Not a chance. “I read enough about it to know she didn’t take the witness stand, she had the gun in her possession, and she was jealous of the woman she shot. Pretty incriminating stuff.”
He shrugged a shoulder. “Two sides to every story. Do you have the tattoo?”
“No.” Damn him. Damn that evil woman. Damn this whole situation.
“Are you certain?” he asked. “It’s kind of a hard place to see yourself.”
“I’m certain.” Certain she had a faint red scar that he could see in this sunshine. Certain the scar didn’t look anything like the design in the picture. And definitely certain that she just couldn’t handle this right now.
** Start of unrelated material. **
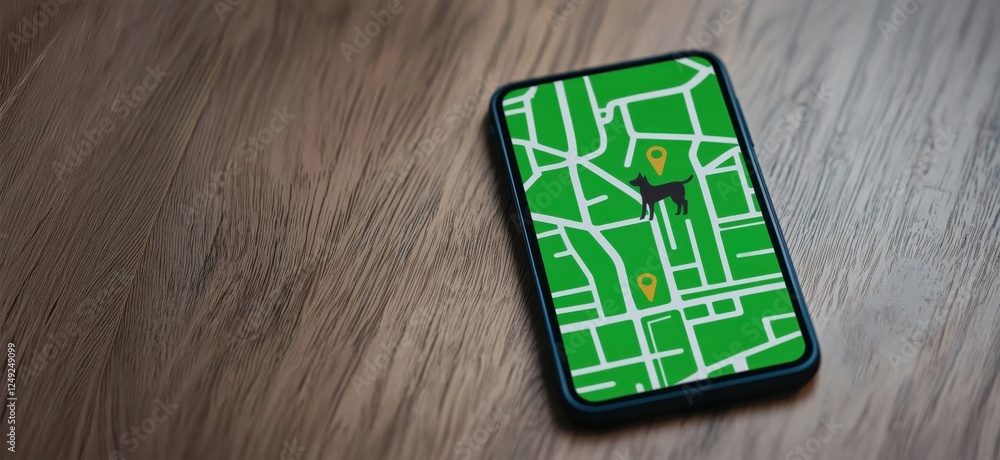 Poster smartphone displaying a map on wooden surface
She wanted to find Clive, get back to the familiarity of New York and the cool, controlled comfort of her office at Razor Partners. Maybe then, in the vault of protection she’d built around herself since her mother flew the coop and her father was killed, she could figure out what to do. But not here, beaten down by a blistering sun and an equally blistering man on his own mission, with his own agenda and his own pictures.
Vodka dribbled down her thigh like a tear.
“Could you excuse me?” she said, as calmly as she would to an enemy attorney in the middle of a merger negotiation when she needed to change the direction from give to take. “I’d like to go wash this off.”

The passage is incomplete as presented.